▶ [Aim of the exercise]:
For the material below, output exactly the span from the line with "Blumen. Eines der" to the line with "2021 Ford F-250 Image 20", including both, and nothing besides.

▶ [Data for this exercise]:

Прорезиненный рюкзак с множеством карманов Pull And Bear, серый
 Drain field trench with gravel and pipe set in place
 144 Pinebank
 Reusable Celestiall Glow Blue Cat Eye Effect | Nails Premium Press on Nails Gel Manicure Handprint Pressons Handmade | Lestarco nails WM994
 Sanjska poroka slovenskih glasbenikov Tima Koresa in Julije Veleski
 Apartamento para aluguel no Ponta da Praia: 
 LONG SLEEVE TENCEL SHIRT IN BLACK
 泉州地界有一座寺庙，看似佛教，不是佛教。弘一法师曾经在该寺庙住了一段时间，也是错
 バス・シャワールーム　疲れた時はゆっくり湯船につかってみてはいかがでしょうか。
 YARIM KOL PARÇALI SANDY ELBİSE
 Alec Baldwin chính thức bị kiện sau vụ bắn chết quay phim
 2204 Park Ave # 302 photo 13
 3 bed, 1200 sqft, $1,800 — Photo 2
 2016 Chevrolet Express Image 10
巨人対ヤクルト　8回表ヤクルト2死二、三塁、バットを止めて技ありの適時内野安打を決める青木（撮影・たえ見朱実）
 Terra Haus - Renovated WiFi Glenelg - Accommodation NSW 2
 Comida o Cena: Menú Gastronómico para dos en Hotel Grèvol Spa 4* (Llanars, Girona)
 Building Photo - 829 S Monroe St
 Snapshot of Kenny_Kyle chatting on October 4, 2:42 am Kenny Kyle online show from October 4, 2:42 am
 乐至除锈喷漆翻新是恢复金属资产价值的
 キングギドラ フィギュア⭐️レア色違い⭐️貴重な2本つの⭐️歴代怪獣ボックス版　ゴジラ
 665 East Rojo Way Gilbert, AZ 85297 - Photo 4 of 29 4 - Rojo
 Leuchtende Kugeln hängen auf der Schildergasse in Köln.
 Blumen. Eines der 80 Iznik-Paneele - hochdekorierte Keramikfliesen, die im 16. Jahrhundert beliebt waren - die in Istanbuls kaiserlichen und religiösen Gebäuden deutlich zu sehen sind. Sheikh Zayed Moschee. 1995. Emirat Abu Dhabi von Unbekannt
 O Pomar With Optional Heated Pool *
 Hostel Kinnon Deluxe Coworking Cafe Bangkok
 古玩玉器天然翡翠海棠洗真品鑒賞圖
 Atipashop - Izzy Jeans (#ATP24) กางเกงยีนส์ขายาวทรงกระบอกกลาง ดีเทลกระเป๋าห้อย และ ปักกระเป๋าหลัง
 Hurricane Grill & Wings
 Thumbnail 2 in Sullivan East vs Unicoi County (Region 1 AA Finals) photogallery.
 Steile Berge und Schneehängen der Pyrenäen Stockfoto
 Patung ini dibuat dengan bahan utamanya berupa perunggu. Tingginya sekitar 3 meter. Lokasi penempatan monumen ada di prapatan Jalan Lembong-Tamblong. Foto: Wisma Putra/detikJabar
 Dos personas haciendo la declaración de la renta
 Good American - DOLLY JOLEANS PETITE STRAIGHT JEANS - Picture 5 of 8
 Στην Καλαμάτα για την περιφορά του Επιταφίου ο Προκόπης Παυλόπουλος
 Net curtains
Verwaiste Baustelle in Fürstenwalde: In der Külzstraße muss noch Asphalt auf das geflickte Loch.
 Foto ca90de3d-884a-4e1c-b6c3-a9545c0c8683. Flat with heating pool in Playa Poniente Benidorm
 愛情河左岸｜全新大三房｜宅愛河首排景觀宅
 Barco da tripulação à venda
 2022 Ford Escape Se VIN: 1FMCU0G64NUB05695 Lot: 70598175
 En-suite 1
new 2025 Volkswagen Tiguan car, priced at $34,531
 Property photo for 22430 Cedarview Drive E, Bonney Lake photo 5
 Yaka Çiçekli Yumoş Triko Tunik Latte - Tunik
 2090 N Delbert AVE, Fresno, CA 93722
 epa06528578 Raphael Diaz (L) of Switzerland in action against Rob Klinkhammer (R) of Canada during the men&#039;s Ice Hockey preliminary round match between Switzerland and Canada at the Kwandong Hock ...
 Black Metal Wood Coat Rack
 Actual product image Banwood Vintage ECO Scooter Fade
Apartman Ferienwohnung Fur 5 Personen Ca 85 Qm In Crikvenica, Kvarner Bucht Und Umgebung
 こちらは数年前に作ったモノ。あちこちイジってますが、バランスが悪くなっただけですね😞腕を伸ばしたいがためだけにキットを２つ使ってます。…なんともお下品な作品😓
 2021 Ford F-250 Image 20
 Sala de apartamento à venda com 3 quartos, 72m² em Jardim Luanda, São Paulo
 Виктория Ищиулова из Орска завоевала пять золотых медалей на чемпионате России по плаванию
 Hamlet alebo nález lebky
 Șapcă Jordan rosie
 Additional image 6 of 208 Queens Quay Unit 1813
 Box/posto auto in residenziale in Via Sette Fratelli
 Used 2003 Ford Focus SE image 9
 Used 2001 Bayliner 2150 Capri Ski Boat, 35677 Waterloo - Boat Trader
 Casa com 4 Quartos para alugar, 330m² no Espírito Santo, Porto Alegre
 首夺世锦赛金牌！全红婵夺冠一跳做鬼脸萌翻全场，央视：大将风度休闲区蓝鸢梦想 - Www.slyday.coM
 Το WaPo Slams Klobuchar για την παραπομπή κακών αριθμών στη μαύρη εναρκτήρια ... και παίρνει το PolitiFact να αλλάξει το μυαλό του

▶ [Reply to the exercise]:
 Blumen. Eines der 80 Iznik-Paneele - hochdekorierte Keramikfliesen, die im 16. Jahrhundert beliebt waren - die in Istanbuls kaiserlichen und religiösen Gebäuden deutlich zu sehen sind. Sheikh Zayed Moschee. 1995. Emirat Abu Dhabi von Unbekannt
 O Pomar With Optional Heated Pool *
 Hostel Kinnon Deluxe Coworking Cafe Bangkok
 古玩玉器天然翡翠海棠洗真品鑒賞圖
 Atipashop - Izzy Jeans (#ATP24) กางเกงยีนส์ขายาวทรงกระบอกกลาง ดีเทลกระเป๋าห้อย และ ปักกระเป๋าหลัง
 Hurricane Grill & Wings
 Thumbnail 2 in Sullivan East vs Unicoi County (Region 1 AA Finals) photogallery.
 Steile Berge und Schneehängen der Pyrenäen Stockfoto
 Patung ini dibuat dengan bahan utamanya berupa perunggu. Tingginya sekitar 3 meter. Lokasi penempatan monumen ada di prapatan Jalan Lembong-Tamblong. Foto: Wisma Putra/detikJabar
 Dos personas haciendo la declaración de la renta
 Good American - DOLLY JOLEANS PETITE STRAIGHT JEANS - Picture 5 of 8
 Στην Καλαμάτα για την περιφορά του Επιταφίου ο Προκόπης Παυλόπουλος
 Net curtains
Verwaiste Baustelle in Fürstenwalde: In der Külzstraße muss noch Asphalt auf das geflickte Loch.
 Foto ca90de3d-884a-4e1c-b6c3-a9545c0c8683. Flat with heating pool in Playa Poniente Benidorm
 愛情河左岸｜全新大三房｜宅愛河首排景觀宅
 Barco da tripulação à venda
 2022 Ford Escape Se VIN: 1FMCU0G64NUB05695 Lot: 70598175
 En-suite 1
new 2025 Volkswagen Tiguan car, priced at $34,531
 Property photo for 22430 Cedarview Drive E, Bonney Lake photo 5
 Yaka Çiçekli Yumoş Triko Tunik Latte - Tunik
 2090 N Delbert AVE, Fresno, CA 93722
 epa06528578 Raphael Diaz (L) of Switzerland in action against Rob Klinkhammer (R) of Canada during the men&#039;s Ice Hockey preliminary round match between Switzerland and Canada at the Kwandong Hock ...
 Black Metal Wood Coat Rack
 Actual product image Banwood Vintage ECO Scooter Fade
Apartman Ferienwohnung Fur 5 Personen Ca 85 Qm In Crikvenica, Kvarner Bucht Und Umgebung
 こちらは数年前に作ったモノ。あちこちイジってますが、バランスが悪くなっただけですね😞腕を伸ばしたいがためだけにキットを２つ使ってます。…なんともお下品な作品😓
 2021 Ford F-250 Image 20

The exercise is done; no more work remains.